In Discovery Education, she said, she found articles on “sex, gender identity and implicit bias,” as well as “HIV/AIDS: staying safe” and “LGBTQ rights.”
Vande Brake described the material as “fostering mindsets that could contribute to diminished family and religious values.”
“We have appealed, appealed and now we’re appealing a third time … in an attempt to better the school system for all children and protect our child’s innocence,” Vande Brake said.
When questioned by the School Board, Vande Brake said the school system had already approved her request to remove the apps from her own child’s iPad, but she was now “representing a number of parents” and was seeking to have the apps removed from every iPad issued to Isle of Wight County Schools’ 5,500-plus students.

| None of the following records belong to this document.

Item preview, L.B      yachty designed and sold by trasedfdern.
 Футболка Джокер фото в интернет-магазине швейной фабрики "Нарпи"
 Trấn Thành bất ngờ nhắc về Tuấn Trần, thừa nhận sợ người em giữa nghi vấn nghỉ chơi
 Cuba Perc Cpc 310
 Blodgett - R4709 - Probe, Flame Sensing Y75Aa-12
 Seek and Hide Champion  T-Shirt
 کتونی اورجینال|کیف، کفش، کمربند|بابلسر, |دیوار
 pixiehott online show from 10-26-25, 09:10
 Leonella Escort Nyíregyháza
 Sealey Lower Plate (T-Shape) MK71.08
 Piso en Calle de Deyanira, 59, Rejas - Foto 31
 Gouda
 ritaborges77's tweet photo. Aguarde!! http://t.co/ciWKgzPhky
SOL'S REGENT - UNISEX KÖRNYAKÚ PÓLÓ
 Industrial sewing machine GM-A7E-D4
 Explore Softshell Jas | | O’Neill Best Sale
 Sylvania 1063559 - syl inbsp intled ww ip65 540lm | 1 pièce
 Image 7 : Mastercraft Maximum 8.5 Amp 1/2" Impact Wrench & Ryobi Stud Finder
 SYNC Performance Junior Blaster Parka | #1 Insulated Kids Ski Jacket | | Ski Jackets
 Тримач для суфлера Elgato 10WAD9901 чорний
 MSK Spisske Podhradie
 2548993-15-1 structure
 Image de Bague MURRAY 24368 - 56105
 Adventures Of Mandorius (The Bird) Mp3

“What number of parents?” School Board Chairwoman Denise Tynes asked.
“I would probably say 75% of the community,” Vande Brake replied.
“Without having the correct filters on there … I think the best thing is to take it off all the iPads,” Vande Brake said. “You could send your kid and say, ‘Hey, go play with your school-issued device in your room for 10 minutes … and the next thing you know your son, daughter, could come out and be asking you sex questions, and you ‘re just not ready to deal with it at five years old or on a Wednesday night when you worked a 12-hour shift.”
Tynes, however, asked for proof that Vande Brake was indeed speaking for 75% of Isle of Wight’s parents indeed, and argued it was parents’ responsibility, and not the school system’s, to monitor their children’s use of school-issued devices when they take them home.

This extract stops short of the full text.